What's more, because the number of reads needed for each pool is relatively small, BAC pooling allows assembly to be done on a desktop computer instead of a supercomputer. In silico, a program called BAC Fisher that was developed by Baylor faculty Paul Havlak, whom Gibbs describes as a "card-carrying, parallel-processing, hardware/software guy," takes the BAC-by-BAC data into account in whole-genome assembly. As opposed to other whole-genome assembly algorithms that read only sequence end-read information, Gibbs says, BAC Fisher lets you reach into whole genome reads and pull out those that are just associated with your local BAC region and then assemble them using Phrap and other conventional tools.
"You take a component of whole genome, you take your BAC population, you make pools of the BACs, you get coverage of each, deconvolute the BAC arrays, take those elements, combine them with the whole genome element, and now you're really getting a whole-genome assembly," Gibbs says. "Now I think we've got a strategy that really does move the field ahead."
A new prep method also has something to do with the stellar results Baylor is getting. "For most of the world, what DNA template prep you use is about as interesting as whether you like wheat or white toast," Gibbs says. "It turns out, though, that it's incredibly important. The quality of the template has to be high to satisfy the machines.
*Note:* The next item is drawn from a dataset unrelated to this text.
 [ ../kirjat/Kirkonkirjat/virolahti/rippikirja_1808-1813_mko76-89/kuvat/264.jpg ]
It's gotta be cheap because it will blow out your budget if you pay the high cost that most vendors want for templates, and you've got to make hundreds of thousands of them."
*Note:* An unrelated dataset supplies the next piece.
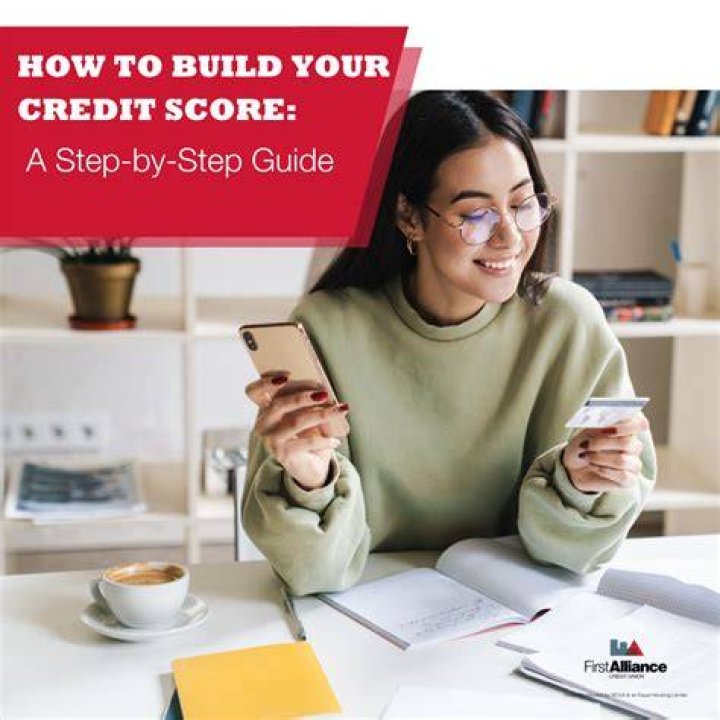 Understanding Credit Strong: A Comprehensive Guide to Building Your Credit Score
Gibbs credits Mike Metzker, head of rat sequencing production, with developing a filter prep capture method that runs on a Packard instrument and is the "cheapest, fastest out there." Metzker, who published his method in the journal Nucleic Acids Research earlier this year (vol. 30, no. 7) and planned to describe it to colleagues at a Cold Spring Harbor Laboratory meeting in May, is now working with several vendors to move from 96-well to 192-well plates.
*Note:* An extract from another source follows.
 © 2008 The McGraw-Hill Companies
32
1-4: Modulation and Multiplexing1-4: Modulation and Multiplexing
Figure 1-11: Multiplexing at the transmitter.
The method — a modified alkaline lysis procedure — uses standard reagents that Metzker describes in the NAR paper and glass beads in a 96-well format to bind DNA that has been precipitated with alcohol. "It's an old trick," says Metzker, who describes himself as a genomics person with a background in synthetic organic chemistry. "Even in high school you'd extract genomic DNA and precipitate it with alcohol in a tube."
The "trick" has enabled Baylor to scale down its production staff from 50 to 30 and to double its throughput by getting twice as many templates as it did during the human project. Back then Baylor was working with M13 single-stranded DNA that could generate one read per template. Baylor now has three Packard plate track robots that each process 17 96-well boxes per hour, producing about 35,000 preparations per eight-hour day. Metzker says that in March the lab ran 1.7 million sequencing reactions, two per template, for five cents a piece — almost a tenfold rate reduction from standard market prices. Plus, Metzker says, the new method "is producing better data than we see with any current methodology."
Metzker says that the Packard instruments allow him to fully automate the prep from cell pellet stage to where the DNA is ready for elution. "It actually adds solution and moves it onto the shaker and moves it onto the manifolds and vacuum filtrations."
During the human genome project, Metzker says it was necessary to conduct DNA prep long hours and many weekends to ensure that the sequencing instruments were continually being utilized. The ultimate effect of the new prep robots, Metzker says, is that he's back to a "blue-collar eight hour day" and the bottleneck is back on the ABI machines. "Which is a good thing for us."